Allumez l’appareil chaque fois que vous le pouvez. Généralement, aux heures les plus chargées. Au moins il interrompt le silence des voisins et plus encourage ceux qui colonisent les bancs ou les terrasses. Mais il n’a pas d’horaire fixe. Ni pour cela ni pour les autres facettes de sa vie. Ion Datcu vit en improvisant. Un matin, il se promène dans la zone et charge des déchets. Pendant une saison, il a été aider à monter, nettoyer et démonter les tables d’un bar. Et selon le calendrier, il faut emballer ses affaires dans une voiture et se déplacer temporairement.

Parce que Ion Datcu dort dehors. Exactement, dans un trou qui se forme sous l’extrémité sud du stade Rayo Vallecano. Et quand il y a un match, il n’a d’autre choix que d’emballer le matelas, les couvertures et ses quelques affaires. La police, dit-il, le force à nettoyer ce trou sombre et gris attaché au tunnel par lequel les joueurs entrent. Ils ont tendance à le faire patiemment, même s’ils il y a des moments où ils sont moins affectueux. Il y a des moments où ils détruisent tout sans prévenir. Ou dans lequel ils essaient de le retenir. Ou même quand ils le voient comme une cible facile pour évacuer sa colère et l’admonester avec des coups.

Ce sont ces moments où Datcu change soudainement son sourire déchiqueté perpétuel et pleure sans verser de larmes. Quand tu t’accroches à Dieu et fais confiance à sa providence. Car seul cet être supérieur en qui il croit aveuglément lui donne la force de continuer. Et il fait un excellent travail, parce que Ion Datcu n’a pas eu la vie facile.

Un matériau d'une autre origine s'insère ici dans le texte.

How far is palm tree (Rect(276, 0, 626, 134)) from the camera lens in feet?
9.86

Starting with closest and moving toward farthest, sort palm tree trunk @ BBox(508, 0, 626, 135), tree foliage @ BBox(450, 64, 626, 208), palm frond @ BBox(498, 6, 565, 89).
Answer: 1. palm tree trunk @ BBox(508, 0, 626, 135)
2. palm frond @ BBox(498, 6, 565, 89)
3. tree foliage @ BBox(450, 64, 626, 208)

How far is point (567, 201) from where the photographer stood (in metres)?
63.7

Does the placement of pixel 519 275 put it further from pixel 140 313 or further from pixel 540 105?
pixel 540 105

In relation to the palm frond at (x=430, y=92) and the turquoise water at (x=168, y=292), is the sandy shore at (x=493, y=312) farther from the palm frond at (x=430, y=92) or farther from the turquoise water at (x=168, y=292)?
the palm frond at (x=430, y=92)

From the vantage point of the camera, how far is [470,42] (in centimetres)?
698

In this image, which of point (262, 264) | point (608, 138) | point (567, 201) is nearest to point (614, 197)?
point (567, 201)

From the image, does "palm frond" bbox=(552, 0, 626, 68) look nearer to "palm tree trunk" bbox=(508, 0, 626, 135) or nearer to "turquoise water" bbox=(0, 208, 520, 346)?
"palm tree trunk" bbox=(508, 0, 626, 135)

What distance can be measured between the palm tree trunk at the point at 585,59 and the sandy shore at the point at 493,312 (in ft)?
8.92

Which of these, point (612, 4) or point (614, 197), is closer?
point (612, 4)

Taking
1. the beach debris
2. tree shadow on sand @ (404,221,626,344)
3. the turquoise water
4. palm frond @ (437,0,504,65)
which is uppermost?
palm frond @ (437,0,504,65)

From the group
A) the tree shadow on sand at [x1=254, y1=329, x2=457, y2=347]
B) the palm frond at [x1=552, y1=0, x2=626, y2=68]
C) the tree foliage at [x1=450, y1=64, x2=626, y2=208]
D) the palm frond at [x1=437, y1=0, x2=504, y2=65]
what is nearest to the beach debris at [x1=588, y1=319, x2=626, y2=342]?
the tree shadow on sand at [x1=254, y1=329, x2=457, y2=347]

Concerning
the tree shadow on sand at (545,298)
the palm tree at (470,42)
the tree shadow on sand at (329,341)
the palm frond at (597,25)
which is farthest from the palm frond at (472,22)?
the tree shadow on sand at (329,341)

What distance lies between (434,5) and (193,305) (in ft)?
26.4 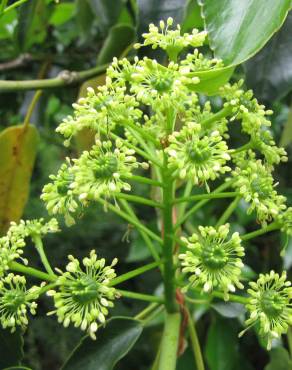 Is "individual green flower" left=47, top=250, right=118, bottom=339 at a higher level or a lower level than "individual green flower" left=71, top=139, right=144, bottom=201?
lower

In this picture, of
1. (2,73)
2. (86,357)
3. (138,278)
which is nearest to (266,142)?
(86,357)

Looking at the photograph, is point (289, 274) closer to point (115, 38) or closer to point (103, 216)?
point (115, 38)

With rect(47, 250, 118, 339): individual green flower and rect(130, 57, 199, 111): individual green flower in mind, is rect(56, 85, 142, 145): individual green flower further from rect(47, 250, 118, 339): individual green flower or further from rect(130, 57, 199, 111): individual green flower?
rect(47, 250, 118, 339): individual green flower

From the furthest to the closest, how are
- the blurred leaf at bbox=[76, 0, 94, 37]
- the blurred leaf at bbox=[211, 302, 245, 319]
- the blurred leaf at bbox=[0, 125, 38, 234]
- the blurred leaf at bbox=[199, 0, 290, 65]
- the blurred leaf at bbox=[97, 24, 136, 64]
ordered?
the blurred leaf at bbox=[76, 0, 94, 37], the blurred leaf at bbox=[97, 24, 136, 64], the blurred leaf at bbox=[0, 125, 38, 234], the blurred leaf at bbox=[211, 302, 245, 319], the blurred leaf at bbox=[199, 0, 290, 65]

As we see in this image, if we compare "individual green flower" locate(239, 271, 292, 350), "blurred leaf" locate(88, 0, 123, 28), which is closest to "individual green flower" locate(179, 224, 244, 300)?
"individual green flower" locate(239, 271, 292, 350)

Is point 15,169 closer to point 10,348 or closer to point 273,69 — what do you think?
point 10,348

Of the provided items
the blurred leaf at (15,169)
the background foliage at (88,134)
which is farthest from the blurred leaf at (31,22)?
the blurred leaf at (15,169) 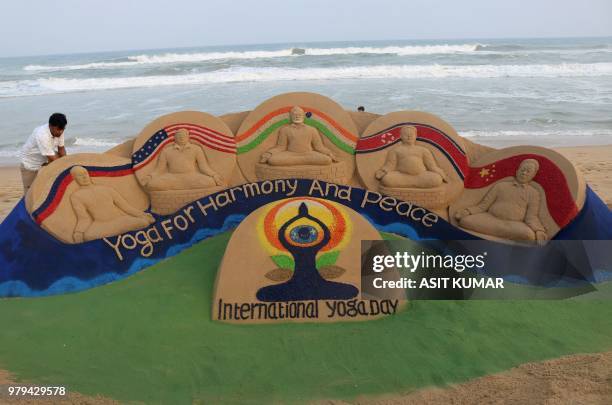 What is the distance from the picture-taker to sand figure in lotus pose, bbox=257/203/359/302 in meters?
3.94

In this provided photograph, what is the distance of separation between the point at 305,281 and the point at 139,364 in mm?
1462

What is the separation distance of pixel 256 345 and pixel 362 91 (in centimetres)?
1581

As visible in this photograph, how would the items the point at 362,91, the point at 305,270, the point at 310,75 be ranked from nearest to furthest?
the point at 305,270 < the point at 362,91 < the point at 310,75

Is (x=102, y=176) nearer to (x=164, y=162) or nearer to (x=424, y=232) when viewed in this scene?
(x=164, y=162)

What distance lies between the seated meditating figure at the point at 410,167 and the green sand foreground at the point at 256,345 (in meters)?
1.66

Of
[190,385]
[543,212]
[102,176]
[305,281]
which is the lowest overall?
[190,385]

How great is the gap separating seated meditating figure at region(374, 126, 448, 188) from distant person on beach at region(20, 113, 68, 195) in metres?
3.70

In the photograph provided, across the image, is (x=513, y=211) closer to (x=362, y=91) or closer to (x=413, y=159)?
(x=413, y=159)

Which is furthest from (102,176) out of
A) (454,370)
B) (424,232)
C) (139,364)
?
(454,370)

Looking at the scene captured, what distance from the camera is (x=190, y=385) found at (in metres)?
3.24

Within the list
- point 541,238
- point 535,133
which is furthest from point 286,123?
point 535,133

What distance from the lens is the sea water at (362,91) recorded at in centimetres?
1256

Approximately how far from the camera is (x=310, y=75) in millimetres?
24078

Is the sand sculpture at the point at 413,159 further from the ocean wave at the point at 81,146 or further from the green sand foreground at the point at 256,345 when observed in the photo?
the ocean wave at the point at 81,146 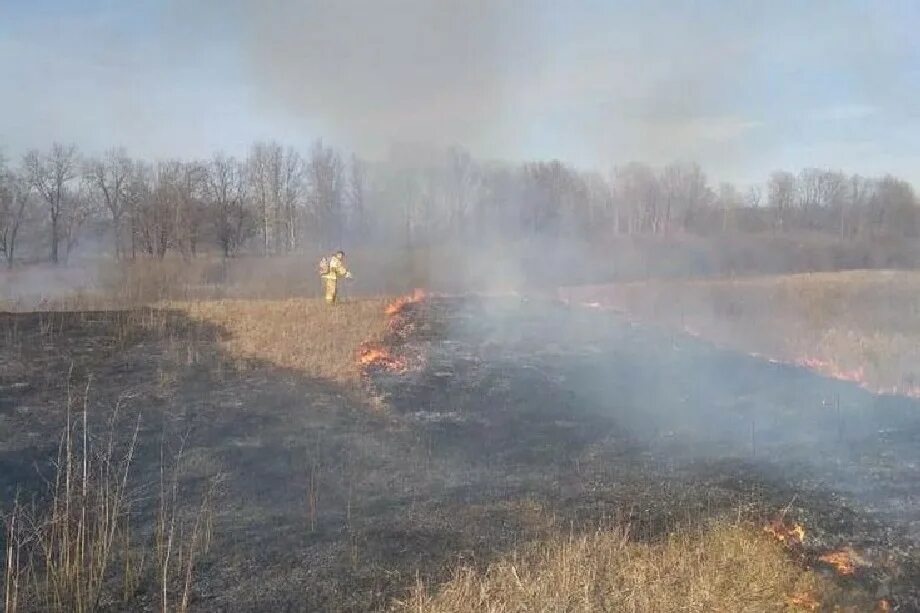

A 42 ans, il sait ce que c’est que de fuir son pays d’origine, de passer des mois à balancer dans l’immédiat et même de mâcher de la bile de prison pour un crime qu’il n’a pas commis et dont il attend toujours des réponses : en 2008, il a été arrêté pour une agression sexuelle présumée. Comme il n’avait pas d’adresse, il fut placé en détention provisoire jusqu’à la tenue du procès.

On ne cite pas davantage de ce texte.